State File Corruption Recovery

# 1. Backup first
cp terraform.tfstate terraform.tfstate.backup

# 2. Try state pull repair
terraform state pull > recovered.tfstate
mv recovered.tfstate terraform.tfstate

# 3. If that fails, restore from Object Storage versioning
# 4. Last resort: reconstruct with terraform import for each resource

Prevention: enable Object Storage bucket versioning on the state backend.

Destroy Failures (Dependency Order)

Error: Resource still in use

OCI enforces strict dependency order on destroy: instances must be terminated before subnets, subnets before VCN, etc.

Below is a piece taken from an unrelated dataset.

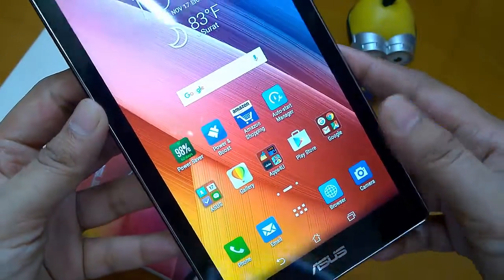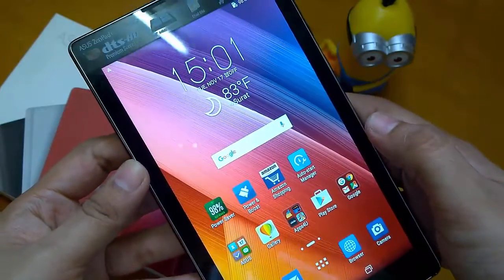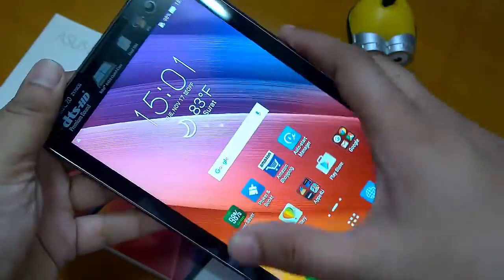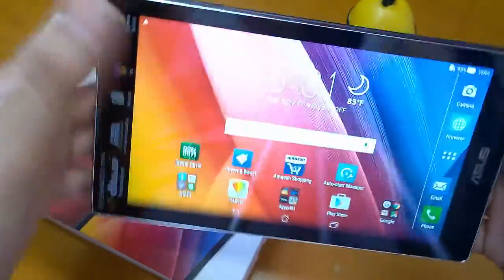Hey guys, namaste, this is Sarvesh Darag from TechConnection. Today I will show you how to take a screenshot on ASUS ZenPad C. For that, you just need to press the power button and the volume down button simultaneously.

# Visualize the dependency graph
terraform graph | dot -Tpng > graph.png

# Destroy in reverse dependency order
terraform destroy -target=oci_core_instance.web
terraform destroy -target=oci_core_subnet.private
terraform destroy -target=oci_core_vcn.main

Timeouts for Long-Running OCI Resources

OCI resource provisioning times vary significantly. Default Terraform timeouts often cause false failures:

# Autonomous Database: 15-30 min to provision (default 20m is borderline)
resource "oci_database_autonomous_database" "prod" {
  timeouts {
    create = "60m"
    update = "60m"
    delete = "30m"
  }
}

# Compute: usually fast, but capacity issues can cause retries
resource "oci_core_instance" "web" {
  timeouts {
    create = "30m"
  }
}

OCI Landing Zones

Use oracle-terraform-modules/terraform-oci-landing-zones for:

Greenfield tenancy setup requiring CIS OCI Foundations Benchmark compliance
Multi-environment (dev/test/prod) with hub-and-spoke networking
Centralized logging, Cloud Guard, and Security Zones

Do NOT use Landing Zone for:

Brownfield (existing infrastructure) — too opinionated, causes state conflicts
Simple single-app deployments — the module overhead exceeds the value

Progressive Loading Reference

Load

references/oci-terraform-patterns.md

when:

Setting up provider configuration (multi-region, auth methods)
Resource Manager stack operations via CLI
Common resource patterns with full HCL examples (VCN, compute, ADB)
Landing Zone module usage examples

Do NOT load for NEVER-list gotchas, lifecycle management, or state troubleshooting — this file covers those.